Depuis de nombreuses années, la France dominait le classement des investissements directs à l'étranger (IDE) au Maroc. Toutefois, elle a été récemment surpassée par les États-Unis, qui sont maintenant le principal investisseur dans le pays.
Un « partenariat stratégique » d'envergure
En 2020, le montant des investissements français au Maroc se chiffrait à 3,9 milliards de dirhams. Ils ont connu un rebond en 2021, passant à 7,4 milliards de DH, avant de s'écrouler en 2022 à 3,2 milliards de DH. Dans le même temps, les investissements américains, qui n'étaient que de 436 millions d'euros en 2020, ont explosé en 2022 pour s'élever à 7,4 milliards de DH. Les investissements américains dans le royaume ont ainsi ravi la première place aux Français. Cette position de choix qu'occupent désormais les investissements américains témoigne de la profondeur du « partenariat stratégique » qui lie les deux pays.
Cette coopération, qui va au-delà de l'aspect économique et financier, reflète également leur convergence sur des enjeux politiques, comme l'illustre la reconnaissance par l'ex-Président Donald Trump de la souveraineté du Maroc sur le Sahara occidental, en décembre 2020. La France conserve néanmoins sa position de « plus grand détenteur de capitaux étrangers au Maroc » avec environ 31 %. Aussi, elle occupe toujours la première place en ce qui concerne la « répartition des réserves d’investissements directs étrangers ».
Tayeb Aais, analyste financier et économiste, a été interrogé par le média Hespress. Il a évoqué l'importance de la montée en puissance des investissements marocains dans le royaume chérifien, ainsi que leur portée politique. « L'apport de l’Amérique est immense pour la qualité des investissements au Maroc, dans les différentes régions du Royaume, tant au nord qu’au sud. La reconnaissance officielle par Washington de la souveraineté du Maroc sur son Sahara a fortement contribué au flux d’IDE vers le Royaume », a-t-il déclaré.
« D'énormes fonds américains » profitent au Maroc
Les investissements américains, aussi importants en valeur qu'en diversité, touchent de nombreux secteurs de l'économie marocaine.
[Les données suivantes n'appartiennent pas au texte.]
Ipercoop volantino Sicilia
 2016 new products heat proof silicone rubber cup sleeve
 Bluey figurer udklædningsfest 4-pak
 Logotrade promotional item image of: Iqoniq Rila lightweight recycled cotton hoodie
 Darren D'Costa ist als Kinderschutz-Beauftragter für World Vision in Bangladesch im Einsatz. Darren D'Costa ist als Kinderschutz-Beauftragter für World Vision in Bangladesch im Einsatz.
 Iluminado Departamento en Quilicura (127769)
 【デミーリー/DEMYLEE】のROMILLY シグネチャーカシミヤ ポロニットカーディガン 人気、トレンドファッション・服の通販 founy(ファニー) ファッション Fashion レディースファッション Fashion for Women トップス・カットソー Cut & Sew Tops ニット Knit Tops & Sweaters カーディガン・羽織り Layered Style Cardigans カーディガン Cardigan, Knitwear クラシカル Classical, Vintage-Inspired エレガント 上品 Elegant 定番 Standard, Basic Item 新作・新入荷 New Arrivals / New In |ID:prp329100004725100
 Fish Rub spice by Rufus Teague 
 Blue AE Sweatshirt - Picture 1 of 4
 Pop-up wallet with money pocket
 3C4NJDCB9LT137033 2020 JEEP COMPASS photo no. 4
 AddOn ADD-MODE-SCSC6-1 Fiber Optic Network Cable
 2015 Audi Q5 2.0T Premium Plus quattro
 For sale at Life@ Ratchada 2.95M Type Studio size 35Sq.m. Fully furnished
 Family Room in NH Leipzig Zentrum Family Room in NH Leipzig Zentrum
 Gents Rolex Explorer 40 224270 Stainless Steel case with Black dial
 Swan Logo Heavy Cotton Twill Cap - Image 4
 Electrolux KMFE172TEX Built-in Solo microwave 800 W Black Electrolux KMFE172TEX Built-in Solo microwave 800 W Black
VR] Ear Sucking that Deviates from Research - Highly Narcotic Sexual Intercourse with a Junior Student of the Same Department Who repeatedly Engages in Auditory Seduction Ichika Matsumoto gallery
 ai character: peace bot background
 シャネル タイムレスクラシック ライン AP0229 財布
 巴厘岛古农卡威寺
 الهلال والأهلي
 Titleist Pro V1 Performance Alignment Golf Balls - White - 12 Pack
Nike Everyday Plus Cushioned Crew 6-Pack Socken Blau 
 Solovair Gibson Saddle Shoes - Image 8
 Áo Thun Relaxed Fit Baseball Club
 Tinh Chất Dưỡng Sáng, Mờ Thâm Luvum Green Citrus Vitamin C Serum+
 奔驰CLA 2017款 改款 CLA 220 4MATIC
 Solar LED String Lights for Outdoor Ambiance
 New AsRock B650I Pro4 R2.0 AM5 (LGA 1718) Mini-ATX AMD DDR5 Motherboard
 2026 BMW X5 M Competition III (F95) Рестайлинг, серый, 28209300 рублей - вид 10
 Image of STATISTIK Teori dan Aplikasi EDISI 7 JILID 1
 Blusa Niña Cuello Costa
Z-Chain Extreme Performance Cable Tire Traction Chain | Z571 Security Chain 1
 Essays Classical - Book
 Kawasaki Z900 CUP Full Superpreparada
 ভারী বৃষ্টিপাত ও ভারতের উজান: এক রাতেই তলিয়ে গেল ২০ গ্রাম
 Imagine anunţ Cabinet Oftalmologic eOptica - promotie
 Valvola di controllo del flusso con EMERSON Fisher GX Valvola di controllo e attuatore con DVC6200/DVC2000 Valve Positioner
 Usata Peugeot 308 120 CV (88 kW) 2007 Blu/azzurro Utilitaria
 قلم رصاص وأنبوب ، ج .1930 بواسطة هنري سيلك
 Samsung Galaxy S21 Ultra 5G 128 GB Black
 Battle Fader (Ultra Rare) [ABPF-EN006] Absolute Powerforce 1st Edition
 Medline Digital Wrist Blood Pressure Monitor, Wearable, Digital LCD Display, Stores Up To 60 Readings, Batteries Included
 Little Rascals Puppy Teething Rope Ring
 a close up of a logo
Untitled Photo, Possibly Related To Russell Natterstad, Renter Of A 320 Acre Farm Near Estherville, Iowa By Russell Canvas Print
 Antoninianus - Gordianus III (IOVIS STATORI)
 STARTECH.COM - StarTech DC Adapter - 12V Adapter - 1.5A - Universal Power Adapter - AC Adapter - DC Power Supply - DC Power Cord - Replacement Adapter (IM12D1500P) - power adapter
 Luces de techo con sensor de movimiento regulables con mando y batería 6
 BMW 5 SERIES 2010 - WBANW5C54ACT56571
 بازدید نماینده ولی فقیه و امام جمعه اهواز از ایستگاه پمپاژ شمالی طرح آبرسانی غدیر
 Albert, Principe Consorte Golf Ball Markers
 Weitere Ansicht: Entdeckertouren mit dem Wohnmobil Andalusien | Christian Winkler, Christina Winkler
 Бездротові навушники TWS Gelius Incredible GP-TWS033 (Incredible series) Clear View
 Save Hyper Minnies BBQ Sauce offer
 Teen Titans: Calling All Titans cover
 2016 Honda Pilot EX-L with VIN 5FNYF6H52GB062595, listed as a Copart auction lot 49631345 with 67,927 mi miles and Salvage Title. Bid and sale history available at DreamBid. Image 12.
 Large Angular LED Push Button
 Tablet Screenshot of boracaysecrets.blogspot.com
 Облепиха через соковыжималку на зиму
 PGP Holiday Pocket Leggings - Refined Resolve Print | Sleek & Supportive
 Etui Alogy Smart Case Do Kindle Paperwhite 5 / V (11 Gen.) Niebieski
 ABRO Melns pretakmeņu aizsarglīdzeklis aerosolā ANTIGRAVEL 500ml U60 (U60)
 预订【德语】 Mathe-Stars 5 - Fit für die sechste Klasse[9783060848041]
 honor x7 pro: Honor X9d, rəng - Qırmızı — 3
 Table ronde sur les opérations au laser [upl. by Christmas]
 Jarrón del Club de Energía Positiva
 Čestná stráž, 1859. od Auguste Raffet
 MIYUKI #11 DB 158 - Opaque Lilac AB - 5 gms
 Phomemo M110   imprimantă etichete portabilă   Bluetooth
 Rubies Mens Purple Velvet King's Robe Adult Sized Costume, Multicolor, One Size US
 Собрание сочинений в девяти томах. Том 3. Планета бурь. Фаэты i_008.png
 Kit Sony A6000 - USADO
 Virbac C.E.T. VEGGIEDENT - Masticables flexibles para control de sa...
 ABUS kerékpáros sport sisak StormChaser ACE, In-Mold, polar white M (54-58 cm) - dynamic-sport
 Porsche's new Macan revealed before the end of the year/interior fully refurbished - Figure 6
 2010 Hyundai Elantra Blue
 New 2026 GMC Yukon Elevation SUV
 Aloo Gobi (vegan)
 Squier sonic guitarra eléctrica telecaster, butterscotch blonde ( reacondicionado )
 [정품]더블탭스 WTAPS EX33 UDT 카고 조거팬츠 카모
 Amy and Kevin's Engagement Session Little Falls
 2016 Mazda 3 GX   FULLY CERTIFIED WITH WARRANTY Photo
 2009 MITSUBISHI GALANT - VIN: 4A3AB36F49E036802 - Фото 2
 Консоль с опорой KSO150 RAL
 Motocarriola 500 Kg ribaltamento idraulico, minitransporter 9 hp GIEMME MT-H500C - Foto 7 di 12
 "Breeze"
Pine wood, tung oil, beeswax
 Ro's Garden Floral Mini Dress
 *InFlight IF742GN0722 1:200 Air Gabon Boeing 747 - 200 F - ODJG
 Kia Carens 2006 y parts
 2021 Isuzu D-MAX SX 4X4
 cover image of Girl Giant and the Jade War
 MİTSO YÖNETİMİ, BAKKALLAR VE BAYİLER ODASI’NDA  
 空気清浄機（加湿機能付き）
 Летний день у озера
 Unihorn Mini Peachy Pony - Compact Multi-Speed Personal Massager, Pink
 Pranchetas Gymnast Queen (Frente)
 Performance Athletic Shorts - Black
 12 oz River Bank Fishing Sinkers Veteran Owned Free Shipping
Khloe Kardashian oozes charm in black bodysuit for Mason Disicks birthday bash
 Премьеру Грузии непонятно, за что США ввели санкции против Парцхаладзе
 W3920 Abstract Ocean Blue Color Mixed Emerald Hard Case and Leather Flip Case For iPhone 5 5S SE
Ils s'étendent des industries métallurgiques aux projets d’épuration et de dessalement de l’eau, en passant par le recyclage des eaux usées et le secteur des technologies et des services et les énergies renouvelables, notamment l’hydrogène.
Tayeb Aais parle d'un « saut qualitatif important qui marquera l’histoire des relations bilatérales entre le Maroc et l’Amérique, pas seulement au niveau économique, mais également politique et sécuritaire ». La présence économique américaine est récente au Maroc. « Depuis l’ère de Trump et son penchant pour les affaires, l’intérêt américain s’est remarquablement accru pour la faisabilité d’investir dans des projets marocains », explique l'analyste.
L'évolution vers un partenariat accru avec les États-Unis signifie par ailleurs l'adoption d'un modèle plus souple et pragmatique, souligne-t-il. Il se fait au profit de l'abandon du système français, lourd par son aspect juridique et administratif. « Le Maroc peut bénéficier d’énormes fonds américains qui génèrent des rendements nets en faveur de l’économie marocaine. Une étape animée par la culture du retour sur investissement et la création d’emplois au sein d’un tissu économique intégré », ajoute-t-il.
Tayeb Aais appelle, pour conclure, « à la nécessité d’harmoniser et d’accompagner ces transformations en cours dans la carte des pays investisseurs au Maroc, en modernisant et en élaguant le cadre juridique et institutionnel qui doit développer certains mécanismes attractifs et qui doit faciliter l’investissement étranger direct ».